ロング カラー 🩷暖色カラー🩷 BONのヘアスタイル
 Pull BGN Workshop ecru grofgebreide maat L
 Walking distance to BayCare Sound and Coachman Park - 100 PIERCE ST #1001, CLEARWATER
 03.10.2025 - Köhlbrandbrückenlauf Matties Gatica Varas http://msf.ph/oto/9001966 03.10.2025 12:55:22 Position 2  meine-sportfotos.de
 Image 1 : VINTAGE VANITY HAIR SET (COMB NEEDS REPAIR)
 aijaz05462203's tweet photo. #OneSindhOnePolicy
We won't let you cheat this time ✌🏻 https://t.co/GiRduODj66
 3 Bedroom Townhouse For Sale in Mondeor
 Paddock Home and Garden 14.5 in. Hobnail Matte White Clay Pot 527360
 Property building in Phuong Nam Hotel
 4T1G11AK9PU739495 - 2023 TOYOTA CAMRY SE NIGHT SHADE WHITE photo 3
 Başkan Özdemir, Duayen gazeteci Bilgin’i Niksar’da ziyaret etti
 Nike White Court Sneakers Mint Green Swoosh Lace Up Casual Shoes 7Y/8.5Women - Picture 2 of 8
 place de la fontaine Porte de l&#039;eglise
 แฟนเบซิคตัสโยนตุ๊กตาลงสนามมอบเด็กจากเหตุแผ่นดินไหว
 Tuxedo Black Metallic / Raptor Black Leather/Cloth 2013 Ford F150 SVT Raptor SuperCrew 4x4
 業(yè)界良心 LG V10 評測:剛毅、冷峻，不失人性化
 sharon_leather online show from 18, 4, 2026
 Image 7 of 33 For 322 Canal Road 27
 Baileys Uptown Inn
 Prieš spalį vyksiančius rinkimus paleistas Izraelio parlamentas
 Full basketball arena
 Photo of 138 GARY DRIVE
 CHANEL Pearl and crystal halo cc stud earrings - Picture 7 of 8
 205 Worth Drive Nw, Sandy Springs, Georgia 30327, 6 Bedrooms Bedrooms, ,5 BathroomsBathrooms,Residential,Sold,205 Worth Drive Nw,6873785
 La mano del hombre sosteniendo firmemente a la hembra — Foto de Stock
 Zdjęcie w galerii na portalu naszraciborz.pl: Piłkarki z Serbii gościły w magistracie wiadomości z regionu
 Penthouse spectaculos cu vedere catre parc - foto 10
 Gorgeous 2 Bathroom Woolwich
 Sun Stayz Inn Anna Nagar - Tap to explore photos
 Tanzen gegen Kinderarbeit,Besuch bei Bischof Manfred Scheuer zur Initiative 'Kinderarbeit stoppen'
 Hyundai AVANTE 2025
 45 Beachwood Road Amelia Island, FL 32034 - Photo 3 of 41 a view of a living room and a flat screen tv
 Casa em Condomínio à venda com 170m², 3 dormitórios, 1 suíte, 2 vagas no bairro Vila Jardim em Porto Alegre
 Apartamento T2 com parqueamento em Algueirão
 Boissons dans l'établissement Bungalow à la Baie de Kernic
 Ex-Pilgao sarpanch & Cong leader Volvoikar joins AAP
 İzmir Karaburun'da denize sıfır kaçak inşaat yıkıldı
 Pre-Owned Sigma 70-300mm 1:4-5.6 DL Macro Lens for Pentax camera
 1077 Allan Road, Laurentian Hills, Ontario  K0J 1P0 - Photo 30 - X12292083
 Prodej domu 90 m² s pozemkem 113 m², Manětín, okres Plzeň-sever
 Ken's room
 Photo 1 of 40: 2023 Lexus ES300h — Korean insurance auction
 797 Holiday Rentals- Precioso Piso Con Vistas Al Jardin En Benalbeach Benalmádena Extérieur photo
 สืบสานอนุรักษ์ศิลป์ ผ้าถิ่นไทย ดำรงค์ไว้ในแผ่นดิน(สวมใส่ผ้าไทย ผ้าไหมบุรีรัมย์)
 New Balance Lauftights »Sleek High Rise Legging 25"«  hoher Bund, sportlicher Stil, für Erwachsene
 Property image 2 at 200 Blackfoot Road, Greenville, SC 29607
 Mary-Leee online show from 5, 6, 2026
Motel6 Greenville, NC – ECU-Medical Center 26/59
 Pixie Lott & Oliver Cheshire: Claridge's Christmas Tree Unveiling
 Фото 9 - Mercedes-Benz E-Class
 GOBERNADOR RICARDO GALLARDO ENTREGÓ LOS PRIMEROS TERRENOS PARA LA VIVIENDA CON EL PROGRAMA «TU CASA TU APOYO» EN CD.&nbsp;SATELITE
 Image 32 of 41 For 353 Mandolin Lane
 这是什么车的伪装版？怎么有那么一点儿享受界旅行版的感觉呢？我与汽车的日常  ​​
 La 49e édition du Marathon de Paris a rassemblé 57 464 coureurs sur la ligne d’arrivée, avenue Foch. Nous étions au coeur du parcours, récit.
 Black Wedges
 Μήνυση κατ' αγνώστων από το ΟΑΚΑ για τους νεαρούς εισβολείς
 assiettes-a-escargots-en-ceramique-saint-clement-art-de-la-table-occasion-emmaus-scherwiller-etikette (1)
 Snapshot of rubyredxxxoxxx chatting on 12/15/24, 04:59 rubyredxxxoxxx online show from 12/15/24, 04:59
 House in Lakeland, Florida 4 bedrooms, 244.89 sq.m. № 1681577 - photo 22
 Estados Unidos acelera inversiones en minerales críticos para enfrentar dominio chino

● Instructions to follow:
Write out the material once more so that every line matches exactly.

● Answer for this exercise:
ロング カラー 🩷暖色カラー🩷 BONのヘアスタイル
 Pull BGN Workshop ecru grofgebreide maat L
 Walking distance to BayCare Sound and Coachman Park - 100 PIERCE ST #1001, CLEARWATER
 03.10.2025 - Köhlbrandbrückenlauf Matties Gatica Varas http://msf.ph/oto/9001966 03.10.2025 12:55:22 Position 2  meine-sportfotos.de
 Image 1 : VINTAGE VANITY HAIR SET (COMB NEEDS REPAIR)
 aijaz05462203's tweet photo. #OneSindhOnePolicy
We won't let you cheat this time ✌🏻 https://t.co/GiRduODj66
 3 Bedroom Townhouse For Sale in Mondeor
 Paddock Home and Garden 14.5 in. Hobnail Matte White Clay Pot 527360
 Property building in Phuong Nam Hotel
 4T1G11AK9PU739495 - 2023 TOYOTA CAMRY SE NIGHT SHADE WHITE photo 3
 Başkan Özdemir, Duayen gazeteci Bilgin’i Niksar’da ziyaret etti
 Nike White Court Sneakers Mint Green Swoosh Lace Up Casual Shoes 7Y/8.5Women - Picture 2 of 8
 place de la fontaine Porte de l&#039;eglise
 แฟนเบซิคตัสโยนตุ๊กตาลงสนามมอบเด็กจากเหตุแผ่นดินไหว
 Tuxedo Black Metallic / Raptor Black Leather/Cloth 2013 Ford F150 SVT Raptor SuperCrew 4x4
 業(yè)界良心 LG V10 評測:剛毅、冷峻，不失人性化
 sharon_leather online show from 18, 4, 2026
 Image 7 of 33 For 322 Canal Road 27
 Baileys Uptown Inn
 Prieš spalį vyksiančius rinkimus paleistas Izraelio parlamentas
 Full basketball arena
 Photo of 138 GARY DRIVE
 CHANEL Pearl and crystal halo cc stud earrings - Picture 7 of 8
 205 Worth Drive Nw, Sandy Springs, Georgia 30327, 6 Bedrooms Bedrooms, ,5 BathroomsBathrooms,Residential,Sold,205 Worth Drive Nw,6873785
 La mano del hombre sosteniendo firmemente a la hembra — Foto de Stock
 Zdjęcie w galerii na portalu naszraciborz.pl: Piłkarki z Serbii gościły w magistracie wiadomości z regionu
 Penthouse spectaculos cu vedere catre parc - foto 10
 Gorgeous 2 Bathroom Woolwich
 Sun Stayz Inn Anna Nagar - Tap to explore photos
 Tanzen gegen Kinderarbeit,Besuch bei Bischof Manfred Scheuer zur Initiative 'Kinderarbeit stoppen'
 Hyundai AVANTE 2025
 45 Beachwood Road Amelia Island, FL 32034 - Photo 3 of 41 a view of a living room and a flat screen tv
 Casa em Condomínio à venda com 170m², 3 dormitórios, 1 suíte, 2 vagas no bairro Vila Jardim em Porto Alegre
 Apartamento T2 com parqueamento em Algueirão
 Boissons dans l'établissement Bungalow à la Baie de Kernic
 Ex-Pilgao sarpanch & Cong leader Volvoikar joins AAP
 İzmir Karaburun'da denize sıfır kaçak inşaat yıkıldı
 Pre-Owned Sigma 70-300mm 1:4-5.6 DL Macro Lens for Pentax camera
 1077 Allan Road, Laurentian Hills, Ontario  K0J 1P0 - Photo 30 - X12292083
 Prodej domu 90 m² s pozemkem 113 m², Manětín, okres Plzeň-sever
 Ken's room
 Photo 1 of 40: 2023 Lexus ES300h — Korean insurance auction
 797 Holiday Rentals- Precioso Piso Con Vistas Al Jardin En Benalbeach Benalmádena Extérieur photo
 สืบสานอนุรักษ์ศิลป์ ผ้าถิ่นไทย ดำรงค์ไว้ในแผ่นดิน(สวมใส่ผ้าไทย ผ้าไหมบุรีรัมย์)
 New Balance Lauftights »Sleek High Rise Legging 25"«  hoher Bund, sportlicher Stil, für Erwachsene
 Property image 2 at 200 Blackfoot Road, Greenville, SC 29607
 Mary-Leee online show from 5, 6, 2026
Motel6 Greenville, NC – ECU-Medical Center 26/59
 Pixie Lott & Oliver Cheshire: Claridge's Christmas Tree Unveiling
 Фото 9 - Mercedes-Benz E-Class
 GOBERNADOR RICARDO GALLARDO ENTREGÓ LOS PRIMEROS TERRENOS PARA LA VIVIENDA CON EL PROGRAMA «TU CASA TU APOYO» EN CD.&nbsp;SATELITE
 Image 32 of 41 For 353 Mandolin Lane
 这是什么车的伪装版？怎么有那么一点儿享受界旅行版的感觉呢？我与汽车的日常  ​​
 La 49e édition du Marathon de Paris a rassemblé 57 464 coureurs sur la ligne d’arrivée, avenue Foch. Nous étions au coeur du parcours, récit.
 Black Wedges
 Μήνυση κατ' αγνώστων από το ΟΑΚΑ για τους νεαρούς εισβολείς
 assiettes-a-escargots-en-ceramique-saint-clement-art-de-la-table-occasion-emmaus-scherwiller-etikette (1)
 Snapshot of rubyredxxxoxxx chatting on 12/15/24, 04:59 rubyredxxxoxxx online show from 12/15/24, 04:59
 House in Lakeland, Florida 4 bedrooms, 244.89 sq.m. № 1681577 - photo 22
 Estados Unidos acelera inversiones en minerales críticos para enfrentar dominio chino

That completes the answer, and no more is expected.